(Los Angeles, CA) – Cadiz Inc. (NASDAQ: CDZI) (the “Company”) is pleased to announce it has begun an experimental commercial hemp research program at its agricultural property in Cadiz, California, in the Mojave Desert approximately 100 miles northeast of Palm Springs. The trial program will inform the potential for large-scale commercial production of hemp, a newly legalized and innovative crop, at Cadiz and in other desert environments.
“We are enthusiastic about the opportunities presented by the commercial production of hemp at Cadiz, where we offer an ideal location for this highly sought-after crop,” said Cadiz Inc. CEO and President Scott Slater. “Hemp presents an attractive opportunity for us to farm our overlying land in a manner complementary to our water conservation objectives Pending the results of the trial, we look forward to expanding operations and delivering new business opportunities to the community.”

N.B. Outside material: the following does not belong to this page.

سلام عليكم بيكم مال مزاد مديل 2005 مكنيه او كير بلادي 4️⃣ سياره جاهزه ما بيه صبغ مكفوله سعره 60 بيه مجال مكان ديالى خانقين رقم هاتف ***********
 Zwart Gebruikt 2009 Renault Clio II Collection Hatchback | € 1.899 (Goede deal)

Hemp is a strain of the Cannabis sativa plant species that is grown specifically for the industrial uses of its derived products. Hemp is related to marijuana, another strain of Cannabis sativa, but hemp contains only very low concentrations (less than 0.3%) of the compound tetrahydrocannabinol (THC), the psychoactive compound that marijuana is known-for. Hemp can be refined into over 25,000 different uses.
Hemp is a fast-growing plant crop in which the whole of the plant is harvested and put to use. It was one of the first plants turned into usable fiber 10,000 years ago and today commercial uses of hemp include paper, textiles, clothing, biodegradable plastics, cement, paint, insulation, biofuel, food, and animal feed. Hemp oil from the seeds can be used in the manufacture of oil-based paints, in creams as a moisturizing agent, for cooking, and in plastics. Hemp seeds are also used in health foods, organic body care, and other nutraceuticals. Hemp contains over 100 different compounds or cannabinoids, of which cannabidiol (CBD) is currently the most popular and sold for a variety of end-uses.
According to New Frontier Data, a market research firm concentrated on the cannabis industry, total US sales for hemp-based products were approximately $1.1 billion in 2018, and are projected to more than double by 2022. An April 2019 report from Bank of America Merrill Lynch estimated the potential average annual spend on CBD products in the U.S. at $1.9 billion in 2019, growing to $11.5 billion by 2032.
The hemp trial program at Cadiz is focused on studying growth potential of a variety of strains in the desert environment. Hemp is an attractive rotation crop for farmers because it detoxifies the soil and prevents soil erosion. After harvest, the remaining root structure breaks down into the soil, providing valuable nutrients. Hemp is more water efficient than tree, nut and row crops, relying on only 1.5- 2 acre feet of water per acre of planted land. Hemp at Cadiz will be sun-grown in the open air, not in a green house, and will be grown organically increasing its value in the market. The location has access to rail and highway infrastructure to bring products to market.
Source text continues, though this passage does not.